◆ **Assignment**
Look through the lines below for the word "Black", and copy every line that has it.

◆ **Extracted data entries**
● ● ● ● ●
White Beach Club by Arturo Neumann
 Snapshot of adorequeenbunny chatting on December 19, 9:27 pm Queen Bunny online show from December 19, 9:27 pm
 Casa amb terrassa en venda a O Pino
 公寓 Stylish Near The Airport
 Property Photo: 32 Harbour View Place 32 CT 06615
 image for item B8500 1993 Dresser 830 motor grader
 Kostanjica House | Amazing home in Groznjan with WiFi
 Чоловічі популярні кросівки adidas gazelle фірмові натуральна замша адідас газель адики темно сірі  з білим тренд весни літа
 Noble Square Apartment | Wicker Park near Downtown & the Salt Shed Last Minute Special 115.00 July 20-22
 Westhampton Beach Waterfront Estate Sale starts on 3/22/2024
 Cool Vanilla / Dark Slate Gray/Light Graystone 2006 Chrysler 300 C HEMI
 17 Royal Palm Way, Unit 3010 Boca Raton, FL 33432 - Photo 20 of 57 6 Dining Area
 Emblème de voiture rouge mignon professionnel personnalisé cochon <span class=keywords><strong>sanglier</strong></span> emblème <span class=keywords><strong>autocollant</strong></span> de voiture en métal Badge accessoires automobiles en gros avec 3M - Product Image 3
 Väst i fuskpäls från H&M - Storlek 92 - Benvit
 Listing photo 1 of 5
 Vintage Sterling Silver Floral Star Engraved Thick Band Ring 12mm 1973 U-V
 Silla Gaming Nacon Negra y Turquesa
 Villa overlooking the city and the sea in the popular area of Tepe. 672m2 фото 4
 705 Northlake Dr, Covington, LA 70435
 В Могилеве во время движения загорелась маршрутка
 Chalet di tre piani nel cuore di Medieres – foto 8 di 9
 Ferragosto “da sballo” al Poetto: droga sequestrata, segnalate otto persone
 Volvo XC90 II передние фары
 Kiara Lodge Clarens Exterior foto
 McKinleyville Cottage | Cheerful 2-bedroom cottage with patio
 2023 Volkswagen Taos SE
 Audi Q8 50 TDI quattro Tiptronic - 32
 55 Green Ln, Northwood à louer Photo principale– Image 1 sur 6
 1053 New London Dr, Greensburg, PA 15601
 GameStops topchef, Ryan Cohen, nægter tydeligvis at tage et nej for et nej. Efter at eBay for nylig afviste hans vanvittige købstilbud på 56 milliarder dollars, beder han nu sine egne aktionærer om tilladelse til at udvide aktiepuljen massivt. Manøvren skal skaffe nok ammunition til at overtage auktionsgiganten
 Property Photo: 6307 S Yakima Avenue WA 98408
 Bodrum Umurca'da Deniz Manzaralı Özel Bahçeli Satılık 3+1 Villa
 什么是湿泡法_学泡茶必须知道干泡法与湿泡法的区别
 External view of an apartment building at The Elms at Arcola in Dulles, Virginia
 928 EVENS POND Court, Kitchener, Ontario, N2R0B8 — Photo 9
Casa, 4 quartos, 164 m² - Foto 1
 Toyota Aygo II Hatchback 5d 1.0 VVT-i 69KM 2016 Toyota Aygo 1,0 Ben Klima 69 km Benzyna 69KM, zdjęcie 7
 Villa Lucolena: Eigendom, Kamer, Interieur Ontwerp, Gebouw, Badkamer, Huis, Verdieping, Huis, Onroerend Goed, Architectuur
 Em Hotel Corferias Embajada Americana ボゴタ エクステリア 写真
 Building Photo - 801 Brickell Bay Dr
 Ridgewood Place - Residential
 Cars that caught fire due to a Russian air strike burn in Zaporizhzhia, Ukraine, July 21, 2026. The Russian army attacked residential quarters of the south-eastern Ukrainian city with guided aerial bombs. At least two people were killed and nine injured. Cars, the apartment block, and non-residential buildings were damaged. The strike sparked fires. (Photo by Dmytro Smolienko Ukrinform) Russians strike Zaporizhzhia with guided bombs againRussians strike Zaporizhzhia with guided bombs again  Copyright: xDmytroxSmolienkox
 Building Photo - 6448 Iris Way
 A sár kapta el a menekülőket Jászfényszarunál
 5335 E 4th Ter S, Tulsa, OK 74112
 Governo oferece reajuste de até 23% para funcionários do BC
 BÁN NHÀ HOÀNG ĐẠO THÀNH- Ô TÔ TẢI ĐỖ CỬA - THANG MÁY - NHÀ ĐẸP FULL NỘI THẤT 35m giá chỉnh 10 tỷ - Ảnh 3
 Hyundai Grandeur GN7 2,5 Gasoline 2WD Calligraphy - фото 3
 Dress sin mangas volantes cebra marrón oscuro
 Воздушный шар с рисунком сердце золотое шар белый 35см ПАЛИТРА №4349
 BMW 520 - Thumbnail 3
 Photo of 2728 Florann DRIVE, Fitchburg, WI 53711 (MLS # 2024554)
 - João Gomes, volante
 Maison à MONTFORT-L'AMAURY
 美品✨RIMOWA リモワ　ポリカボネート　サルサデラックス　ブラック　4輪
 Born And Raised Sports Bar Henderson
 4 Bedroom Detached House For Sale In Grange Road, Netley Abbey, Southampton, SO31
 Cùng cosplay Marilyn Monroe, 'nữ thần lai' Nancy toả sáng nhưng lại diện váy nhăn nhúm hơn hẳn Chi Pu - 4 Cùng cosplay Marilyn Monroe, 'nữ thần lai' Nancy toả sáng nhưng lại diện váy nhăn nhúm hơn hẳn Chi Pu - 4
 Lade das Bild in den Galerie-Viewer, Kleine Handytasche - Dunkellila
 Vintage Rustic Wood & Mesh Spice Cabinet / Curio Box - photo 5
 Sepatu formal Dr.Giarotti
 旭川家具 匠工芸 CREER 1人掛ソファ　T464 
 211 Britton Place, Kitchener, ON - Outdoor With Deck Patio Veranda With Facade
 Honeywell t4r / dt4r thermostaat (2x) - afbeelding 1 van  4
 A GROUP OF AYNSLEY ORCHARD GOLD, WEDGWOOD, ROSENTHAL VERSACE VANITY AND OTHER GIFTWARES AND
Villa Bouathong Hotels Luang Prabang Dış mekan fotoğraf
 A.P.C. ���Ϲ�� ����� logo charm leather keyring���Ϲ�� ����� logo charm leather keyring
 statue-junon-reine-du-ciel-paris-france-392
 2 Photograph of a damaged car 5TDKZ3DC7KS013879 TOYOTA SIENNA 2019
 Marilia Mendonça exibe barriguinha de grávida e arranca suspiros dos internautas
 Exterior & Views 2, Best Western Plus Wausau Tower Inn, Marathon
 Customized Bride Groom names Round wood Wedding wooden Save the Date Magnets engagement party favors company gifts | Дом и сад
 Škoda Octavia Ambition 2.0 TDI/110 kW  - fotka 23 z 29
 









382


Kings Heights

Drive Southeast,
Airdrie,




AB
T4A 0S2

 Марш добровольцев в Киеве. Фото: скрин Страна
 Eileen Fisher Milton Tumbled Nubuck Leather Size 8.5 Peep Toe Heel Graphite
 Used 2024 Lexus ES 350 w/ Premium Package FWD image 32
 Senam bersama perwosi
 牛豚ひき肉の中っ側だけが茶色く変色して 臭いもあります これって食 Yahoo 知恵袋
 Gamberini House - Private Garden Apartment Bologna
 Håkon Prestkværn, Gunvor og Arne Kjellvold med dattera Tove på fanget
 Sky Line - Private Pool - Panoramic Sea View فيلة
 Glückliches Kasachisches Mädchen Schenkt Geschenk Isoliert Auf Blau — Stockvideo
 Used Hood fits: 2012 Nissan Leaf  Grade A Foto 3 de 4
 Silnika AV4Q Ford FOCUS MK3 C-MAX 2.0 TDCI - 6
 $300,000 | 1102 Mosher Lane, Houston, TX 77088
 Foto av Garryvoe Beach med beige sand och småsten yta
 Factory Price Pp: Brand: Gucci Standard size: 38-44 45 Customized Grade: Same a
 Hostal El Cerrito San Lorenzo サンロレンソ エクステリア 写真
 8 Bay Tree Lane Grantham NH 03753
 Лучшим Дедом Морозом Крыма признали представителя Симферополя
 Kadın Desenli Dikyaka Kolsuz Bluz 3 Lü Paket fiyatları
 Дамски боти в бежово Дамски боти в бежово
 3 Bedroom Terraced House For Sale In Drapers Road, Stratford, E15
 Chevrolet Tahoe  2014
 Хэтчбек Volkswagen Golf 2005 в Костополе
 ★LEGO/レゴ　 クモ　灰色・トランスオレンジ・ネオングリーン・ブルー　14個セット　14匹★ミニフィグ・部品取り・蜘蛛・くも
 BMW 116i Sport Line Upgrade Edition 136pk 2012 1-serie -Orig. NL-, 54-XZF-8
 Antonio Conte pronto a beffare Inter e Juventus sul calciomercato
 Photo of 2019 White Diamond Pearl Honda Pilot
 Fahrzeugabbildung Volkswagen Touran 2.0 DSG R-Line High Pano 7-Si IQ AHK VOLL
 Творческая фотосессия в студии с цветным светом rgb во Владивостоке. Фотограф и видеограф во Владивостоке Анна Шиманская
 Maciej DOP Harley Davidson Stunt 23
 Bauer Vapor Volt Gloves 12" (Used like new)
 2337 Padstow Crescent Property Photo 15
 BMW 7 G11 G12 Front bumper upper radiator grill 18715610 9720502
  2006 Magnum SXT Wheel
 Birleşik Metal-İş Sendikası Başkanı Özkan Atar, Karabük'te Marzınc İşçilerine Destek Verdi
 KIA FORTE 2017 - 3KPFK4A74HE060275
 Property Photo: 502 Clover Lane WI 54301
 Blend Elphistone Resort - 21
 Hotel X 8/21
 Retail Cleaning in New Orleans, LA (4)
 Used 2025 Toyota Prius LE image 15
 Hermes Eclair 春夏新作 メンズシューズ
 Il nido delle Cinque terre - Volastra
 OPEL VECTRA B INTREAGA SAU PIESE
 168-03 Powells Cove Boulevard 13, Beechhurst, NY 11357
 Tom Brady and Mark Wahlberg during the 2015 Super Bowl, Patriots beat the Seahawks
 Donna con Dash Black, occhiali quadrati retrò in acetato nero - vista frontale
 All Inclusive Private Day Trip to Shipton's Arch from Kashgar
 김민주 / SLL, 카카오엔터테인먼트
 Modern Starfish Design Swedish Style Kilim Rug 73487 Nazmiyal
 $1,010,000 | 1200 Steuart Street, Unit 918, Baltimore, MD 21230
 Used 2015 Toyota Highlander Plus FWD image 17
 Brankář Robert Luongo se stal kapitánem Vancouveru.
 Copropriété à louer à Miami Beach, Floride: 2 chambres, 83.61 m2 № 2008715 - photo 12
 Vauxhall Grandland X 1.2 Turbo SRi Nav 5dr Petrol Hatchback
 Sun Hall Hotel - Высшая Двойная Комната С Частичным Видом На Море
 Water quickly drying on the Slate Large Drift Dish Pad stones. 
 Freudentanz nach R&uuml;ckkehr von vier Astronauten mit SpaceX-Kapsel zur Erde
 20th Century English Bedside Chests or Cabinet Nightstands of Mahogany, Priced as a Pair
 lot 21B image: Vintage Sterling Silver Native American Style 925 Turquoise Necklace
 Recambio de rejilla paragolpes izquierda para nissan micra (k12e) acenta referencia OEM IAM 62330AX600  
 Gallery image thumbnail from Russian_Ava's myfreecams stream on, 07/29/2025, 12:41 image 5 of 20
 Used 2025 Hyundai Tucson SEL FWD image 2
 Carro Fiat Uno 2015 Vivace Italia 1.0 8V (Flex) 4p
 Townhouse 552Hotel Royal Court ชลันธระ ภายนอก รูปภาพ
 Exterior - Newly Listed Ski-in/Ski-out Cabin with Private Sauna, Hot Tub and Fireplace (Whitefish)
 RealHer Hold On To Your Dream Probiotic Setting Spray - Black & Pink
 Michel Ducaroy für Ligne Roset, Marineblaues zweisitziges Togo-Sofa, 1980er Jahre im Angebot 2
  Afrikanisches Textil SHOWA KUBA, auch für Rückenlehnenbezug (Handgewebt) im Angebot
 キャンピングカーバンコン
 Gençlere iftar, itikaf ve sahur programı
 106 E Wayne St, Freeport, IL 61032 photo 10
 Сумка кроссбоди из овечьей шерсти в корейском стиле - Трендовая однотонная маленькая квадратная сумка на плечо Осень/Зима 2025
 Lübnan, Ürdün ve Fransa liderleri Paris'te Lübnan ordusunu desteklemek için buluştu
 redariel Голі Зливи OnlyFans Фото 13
● ● ● ● ●
◆ **Result for this task**
 Donna con Dash Black, occhiali quadrati retrò in acetato nero - vista frontale
 RealHer Hold On To Your Dream Probiotic Setting Spray - Black & Pink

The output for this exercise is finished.